I looked at that report - the user provided an email but no URL showed in the crash. We could try emailing that individual to see if he has a public URL that can be accessed.

(In reply to Alex Keybl [:akeybl] from comment #62)
> Just saw this comment in the crash comments:
> 
> "what i know:
> * direct2d enabled, tried to make a canvas a little big (~300px x ~8700px)
> canvas is inside a scrollable container and is that "big" to avoid repaints
> on scrolling.
> * disabling direct2d makes the canvas work perfectly well (actually your
> direct2d code is broken) canvas.setAttribute("width", "8700") throws
> NS_ERR_OUTOFMEMORY (this may have been on Aurora 12.0a2 from today) upon
> trying to paint something else on that canvas ff crashes"
Since there has been discussions outside this bug, I am not sure where we ended up with this.
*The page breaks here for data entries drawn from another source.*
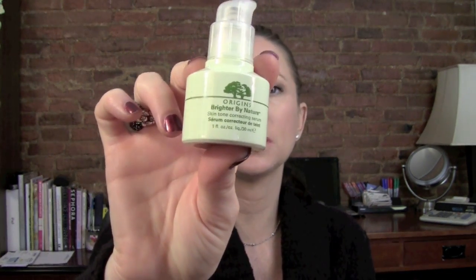The next thing is the Origins Brighter by Nature Skin Tone Correcting Serum. I use the face wash, toner, and this item both night and day. It seems super tiny, but one pump covers my whole face and down my neck. It's a nice product — very thin and soaks in very, very quickly.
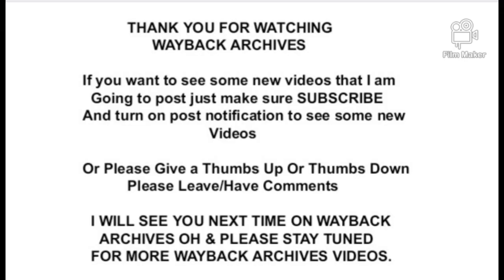Thank you for watching the Wayback Archives. If you want to see new videos, make sure you subscribe and turn on notifications to see new YouTube videos. Please give a thumbs up or a thumbs down, and leave a comment. I will see you next time on the Wayback Archives — please stay tuned for more.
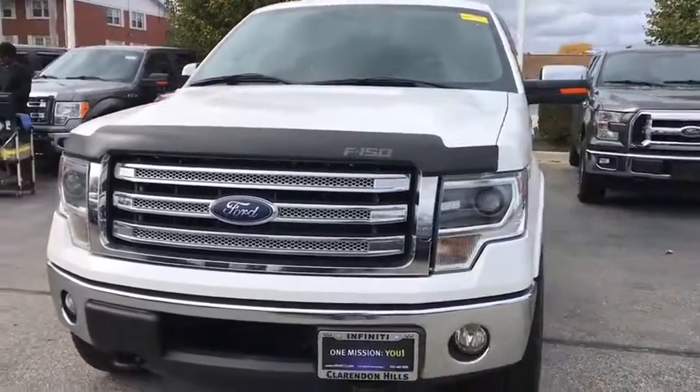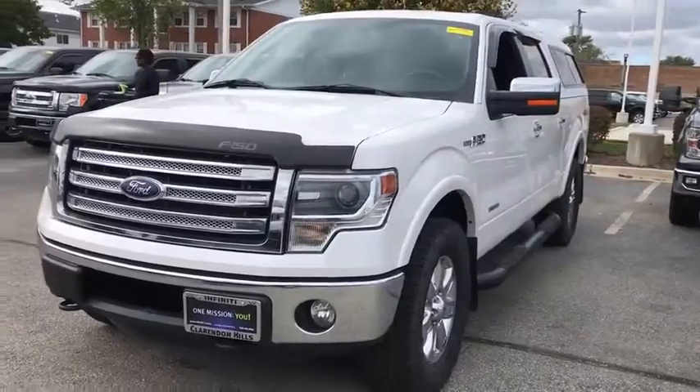This vehicle has less than 90,000 miles. Here are some of this vehicle's great options.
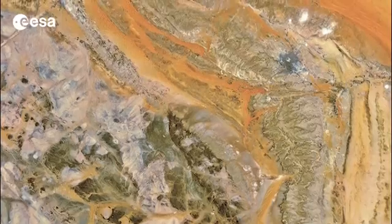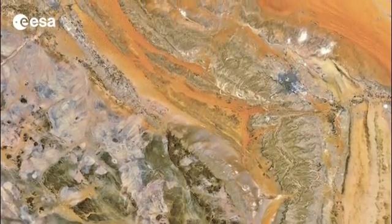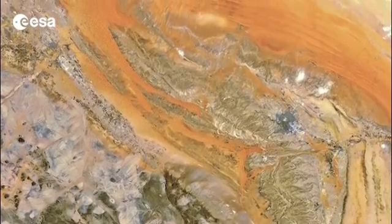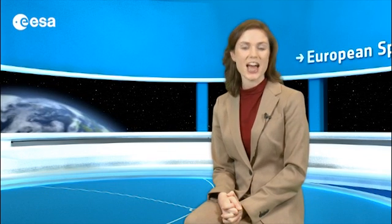This image was acquired in October by the Maris instrument on ESA's NVSAT mission. And that brings us to the end of this edition of Earth from Space. We will not be broadcasting over the holidays, but do join us in January when we continue to broadcast online every Friday at 10 o'clock Central European time. From the ESA Web TV studios, happy holidays.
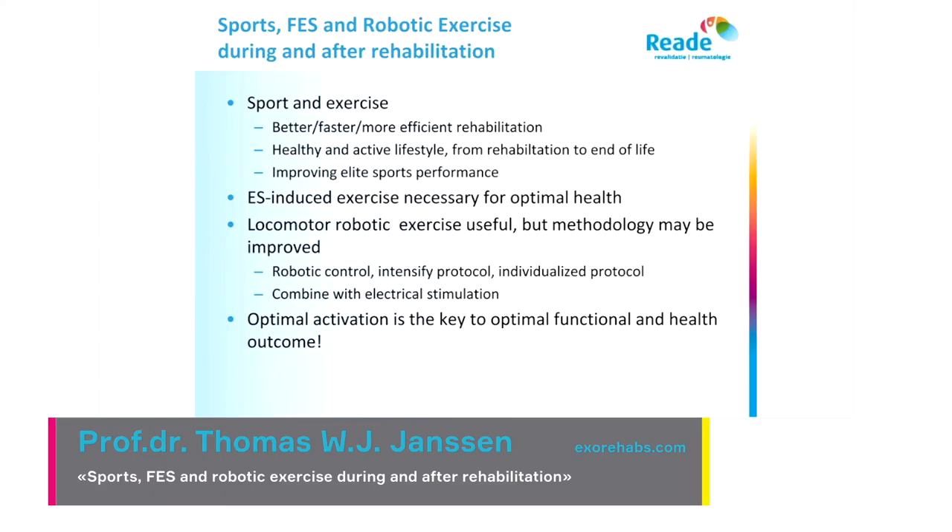Another conclusion: electrical stimulation-induced exercise is necessary for optimal health. Inactivity of the muscles or any tissue is very detrimental, and we have to make it active again using electrical stimulation or other ways.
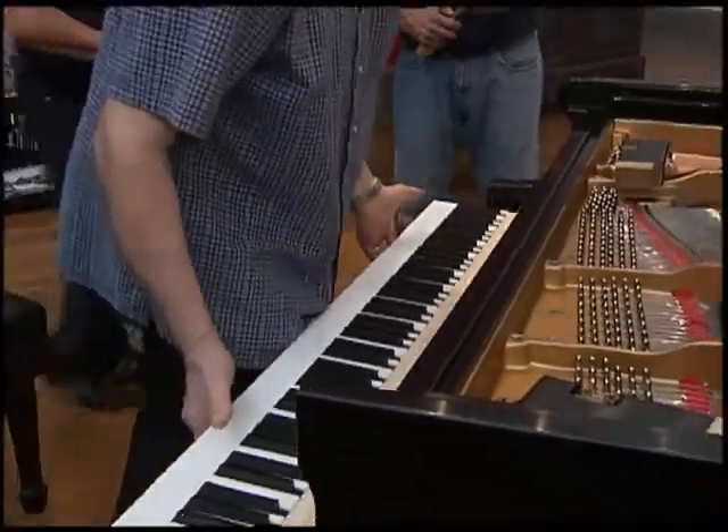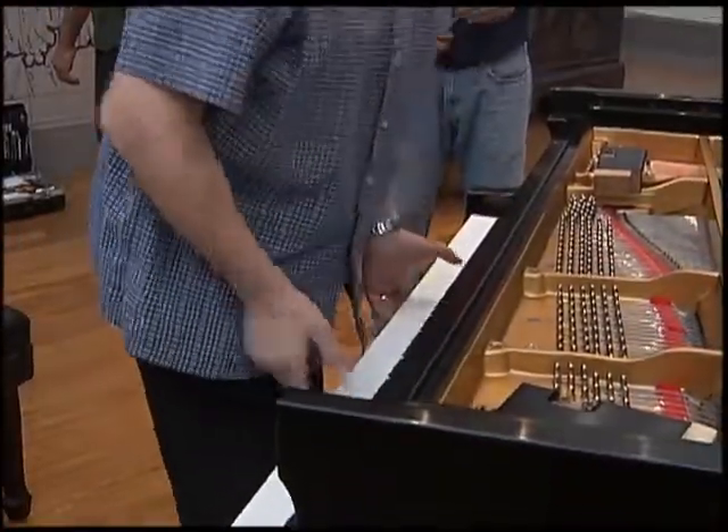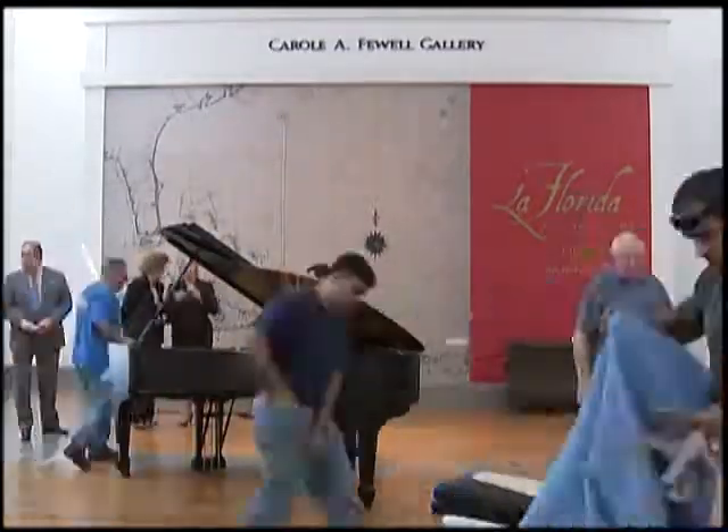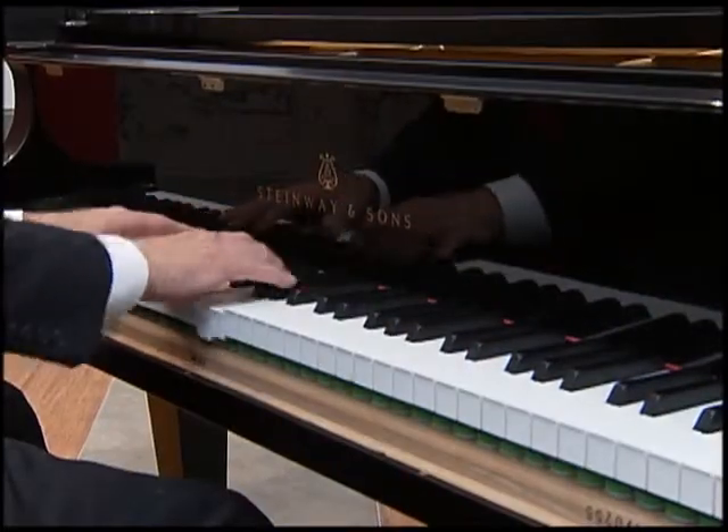The new piano will help bring awareness to the museum. Once it was installed, visitors got a sneak peek of the piano sounds.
Are we still trying to identify a regression range? Who owns the next step?
(In reply to Anthony Hughes, Mozilla QA (irc: ashughes) from comment #63)
> (In reply to Alex Keybl [:akeybl] from comment #62)
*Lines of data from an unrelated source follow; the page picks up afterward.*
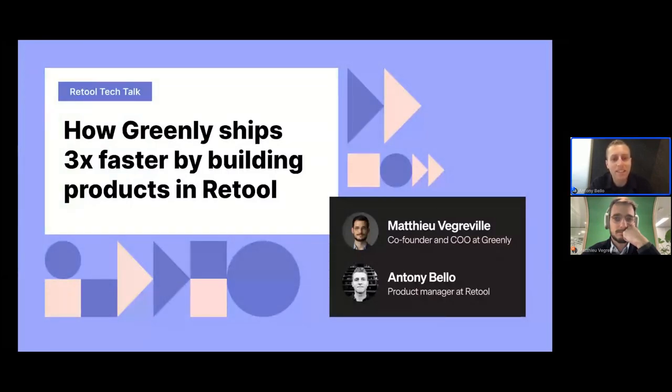All right, let's go ahead and get started. Welcome everyone, thanks for joining. I'm really excited to talk to you today about how our customers are leveraging Retool beyond just internal use cases. I'm also really excited to have Matiu, co-founder of Greenly, here with us to talk about how they use Retool to move faster as a business.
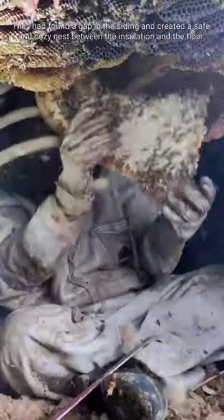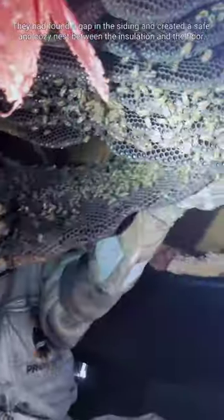This colony of bees made themselves a home under a trailer house in far Texas. They had found a gap in the siding and created a safe and cozy nest between the insulation and the floor. The bees had been living in this spot for several years before we came to remove them.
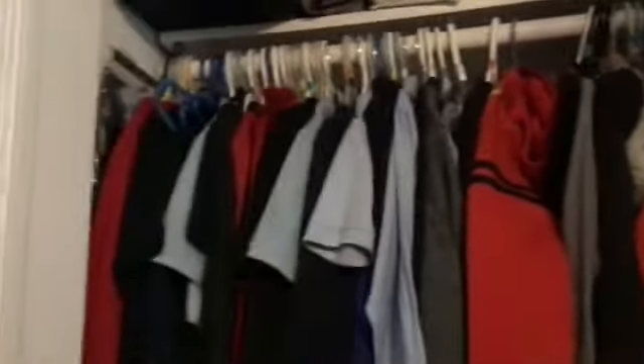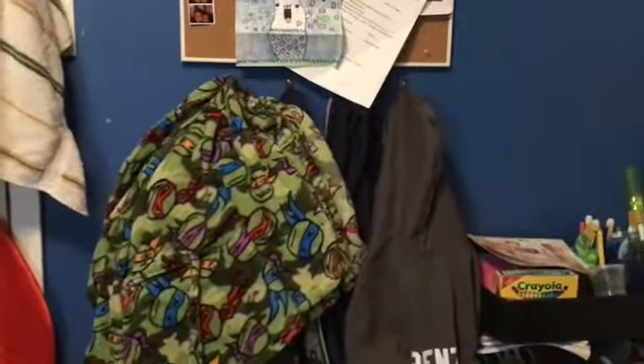Inside the closet it keeps like boxes of toys, and over here my shoes — you probably can't see it. Up here we keep all my jackets and shirts. Then right over here we have my arts and crafts stuff, there's a bunch of stuff over there.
> > Just saw this comment in the crash comments:
> > 
> > "what i know:
> > * direct2d enabled, tried to make a canvas a little big (~300px x ~8700px)
> > canvas is inside a scrollable container and is that "big" to avoid repaints
> > on scrolling.
> > * disabling direct2d makes the canvas work perfectly well (actually your
> > direct2d code is broken) canvas.setAttribute("width", "8700") throws
> > NS_ERR_OUTOFMEMORY (this may have been on Aurora 12.0a2 from today) upon
> > trying to paint something else on that canvas ff crashes"
> 
> Can QA get a minimized testcase so we can do some testing around this
> scenario?

I have a new idea that could possibly help us reproduce this crash. It seems that all crashes that I've been able to find so far have been occurring on hardware/driver combinatinos that should be blocklisted. Hence the cause of this regression might be the same as the cause of bug 711656. We should check if when running the yahoo toolbar, and an old driver version (a vendor/driver version found in the bug possibly), we could reproduce this issue.
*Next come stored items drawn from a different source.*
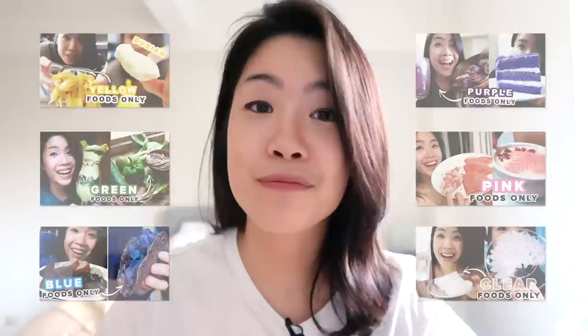Hey guys, it's Inka, and in this video I will only be eating red-colored foods for 24 hours. So we're getting to the end of the rainbow here. Red is a color that a lot of you have been requesting, so I figured now is the time to finally make it happen.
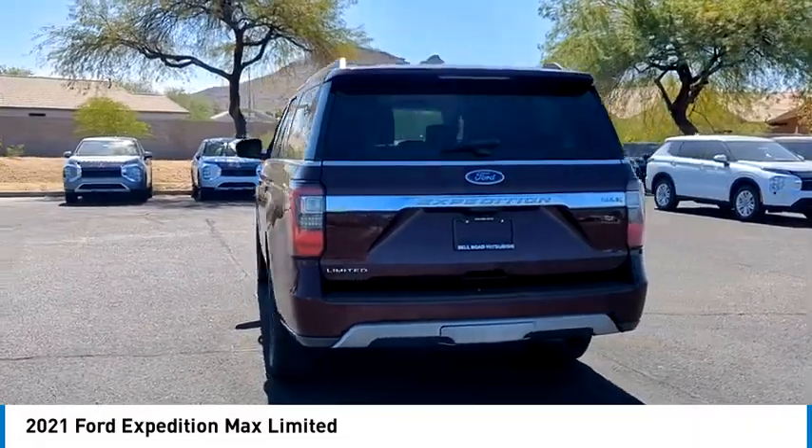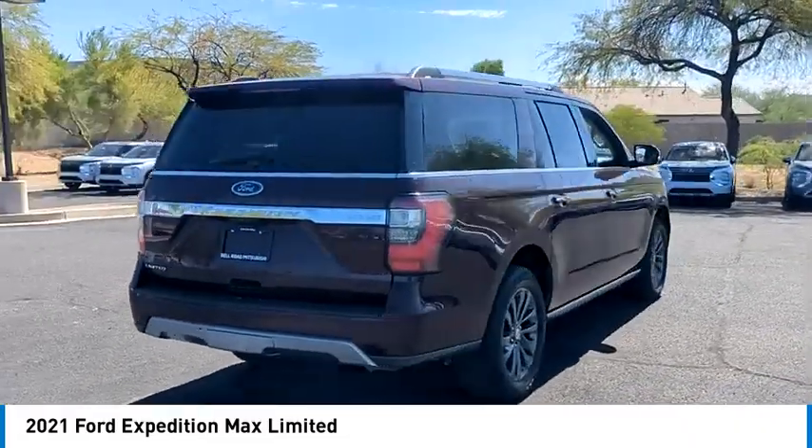This vehicle has less than 65,000 miles. Here are some of this vehicle's great options.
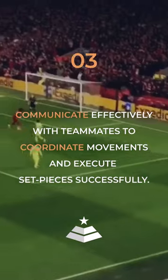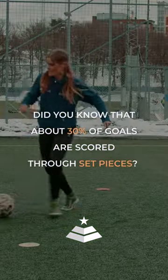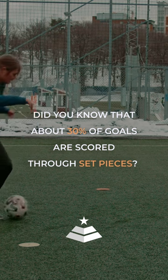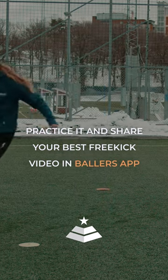Communicate effectively with teammates to coordinate movements and execute set pieces successfully. Did you know that about 30% of goals are scored through set pieces? Practice it and share your best free kick videos in the Ballers app.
The cause of us switching away from D2D might be some form of driver crash, this is actually the main reason we're blacklisting these drivers.
What are the blocklist configurations we should be checking? From what I can tell, bug 711656 only mentions "Intel GMA X4500HD, 4500MHD, and HD Graphics up to 8.15.10.2141"
(In reply to Anthony Hughes, Mozilla QA (irc: ashughes) from comment #68)
> What are the blocklist configurations we should be checking? From what I can
> tell, bug 711656 only mentions "Intel GMA X4500HD, 4500MHD, and HD Graphics
> up to 8.15.10.2141"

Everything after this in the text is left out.